Thursday, April 2

Finance Committee Approves ‘Productivity Tax’ » CBIA


A key legislative committee advanced a bill March 30 that treats productivity as a taxable liability rather than an economic strength.

The Finance, Revenue, and Bonding Committee approved SB 515, which imposes a new workforce and productivity gap surcharge on employers, on a 34-20 vote.

Two Democrats—Rep. Jill Barry (D-Glastonbury) and Rep.
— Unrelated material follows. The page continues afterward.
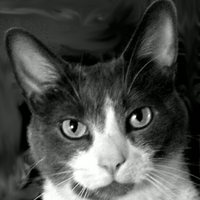 @k8quinn@vivaldi.net's avatar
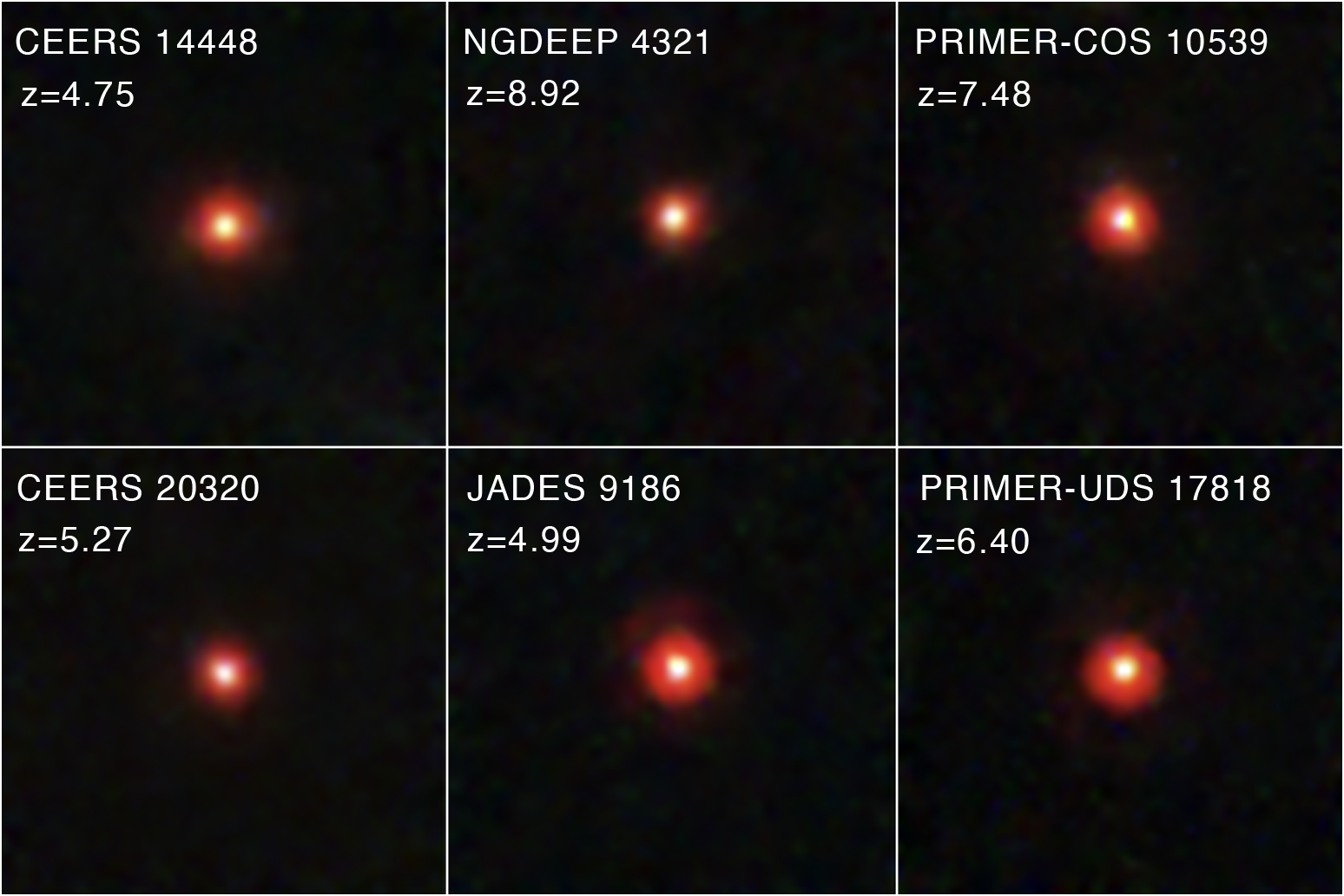 The "Little Red Dots" Observed by Webb Were Direct-Collapse Black Holes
Kerry Wood (D-Rocky Hill)—joined all Republicans on the committee in voting against the measure.

“This bill does nothing more than undermine Connecticut’s economy,” said CBIA vice president of public policy Chris Davis.

“Rather than address critical economic challenges like Connecticut’s high cost of living and the workforce shortage, this proposal further burdens employers.”

‘Productivity Gaps’

SB 515 directs the Office of Policy and Management to develop a formula to identify so-called “productivity gaps,” generally defined as situations where revenue remains stable or increases while payroll or workforce levels decline.
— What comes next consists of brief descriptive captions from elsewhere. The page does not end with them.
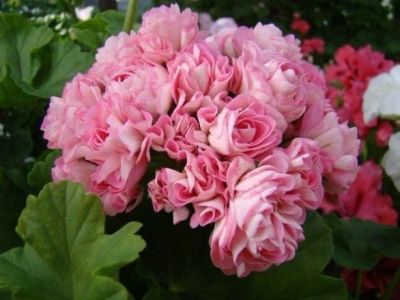 Лот: 12072747. Фото: 1. Australien Pink Rosebud пеларгония... Горшечные растения и комнатные цветы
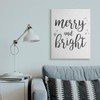 Stupell Industries Festive Merry and Bright Winter Phrase Snowflakes, Design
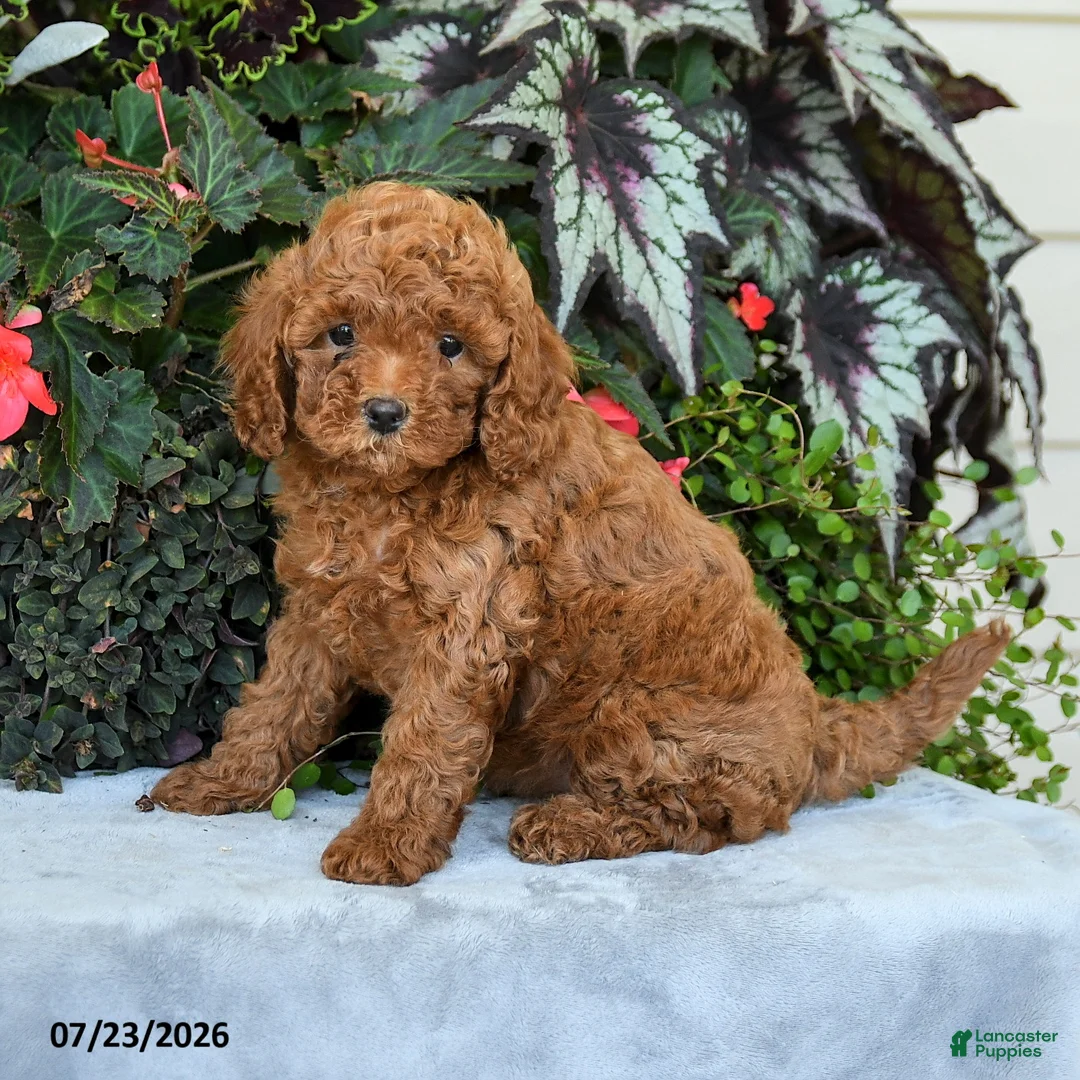 Cavapoo dogs for sale: Zayda - Ad 2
Employers identified as having such a gap could be subject to a new annual surcharge. 

Supporters of the bill argue that the policy is intended to address concerns about artificial intelligence and automation displacing workers, and to generate revenue for workforce training and retraining programs. 

The bill’s mechanism to address these concerns, however, is fundamentally flawed. 
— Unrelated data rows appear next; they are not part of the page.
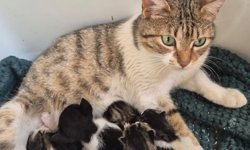 Germencik'te can dostlar yeni yuvalarını arıyor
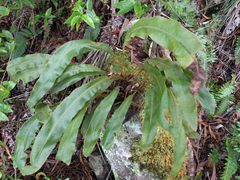 Elaphoglossum paleaceum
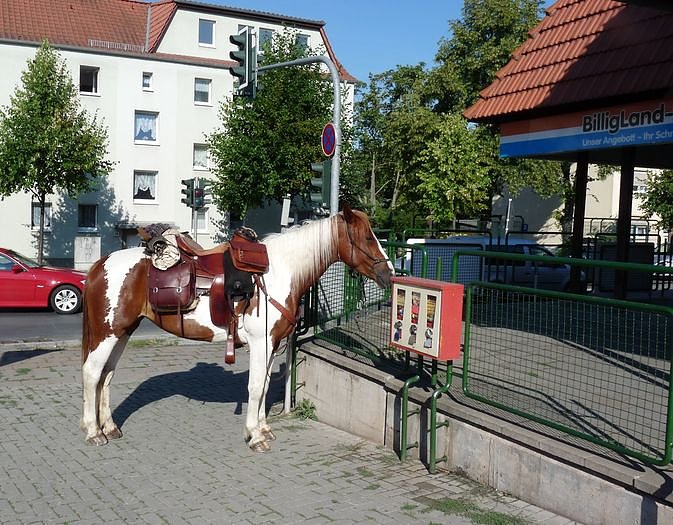 Bild: Pferd in der Stadt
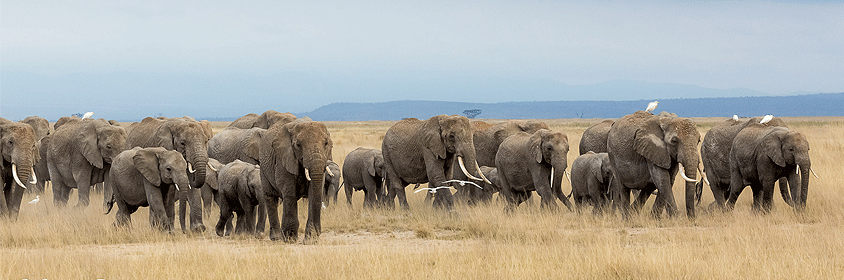 Amboseli National Park Safari 3 Days 2 Nights Kenya Safari Amboseli National Park Safari 3 Days 2 Nights Kenya Safari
SB 515 penalizes productivity gains—something Connecticut should be encouraging, not discouraging.

At its core, SB 515 penalizes productivity gains—something Connecticut should be encouraging, not discouraging. 

Productivity improvements are not inherently harmful. In fact, they are essential to: 

  • Growing wages over time 
  • Keeping Connecticut businesses competitive 
  • Supporting long-term job creation 
  • Making it possible for employers to invest in workers, training, and benefits 

“By linking a surcharge to changes in revenue, payroll, and workforce metrics, the bill effectively punishes employers for becoming more efficient,” Davis said.

“And it does so even when those gains are driven by investments in technology, process improvements, or capital upgrades.” 

Increased Uncertainty 

One of the most troubling aspects of SB 515 is the uncertainty it will create for businesses making long-term decisions. 

Employers will be left guessing whether a future investment—made in good faith to improve operations—could later trigger a new tax liability.

That uncertainty discourages investment and innovation, precisely at a time when Connecticut should be working to attract and retain employers. 

Employers will be left guessing whether a future investment could later trigger a new tax liability.

“SB 515 creates uncertainty around how those investments will be evaluated and taxed, discouraging businesses from pursuing efficiency improvements that will otherwise benefit workers and consumers alike,” Davis said. 

This concern is especially acute for small businesses who often operate on tight margins.

For those employers, even the possibility of an unpredictable surcharge can influence whether they invest, expand, or hire. 

Wrong Signal, Wrong Time 

Connecticut employers are currently facing tens of thousands of unfilled job openings.

In an environment such as this, lawmakers should focus on: 

  • Encouraging efficiency and productivity 
  • Expanding workforce pipelines 
  • Supporting training and upskilling 
  • Reducing barriers to investment 

SB 515 moves in the opposite direction by signaling that productivity improvements—rather than being a driver of growth—now represent taxes. 

Serious Governance Concerns 

Beyond its economic impact, SB 515 raises significant governance and legal concerns. 

The bill authorizes OPM to implement a tax surcharge plan if the legislature does not affirmatively reject it by July 1, 2027.

This approach effectively delegates core taxing authority away from the General Assembly and bypasses the state’s established regulatory review process, including oversight by the Regulation Review Committee

This approach effectively delegates core taxing authority away from the General Assembly.

Tax policy should be set by elected lawmakers through a transparent process—not implemented by default through administrative action. 

CBIA agrees that workforce development, training, and adaptation to new technologies are critical priorities.

However, taxing productivity is not the solution. 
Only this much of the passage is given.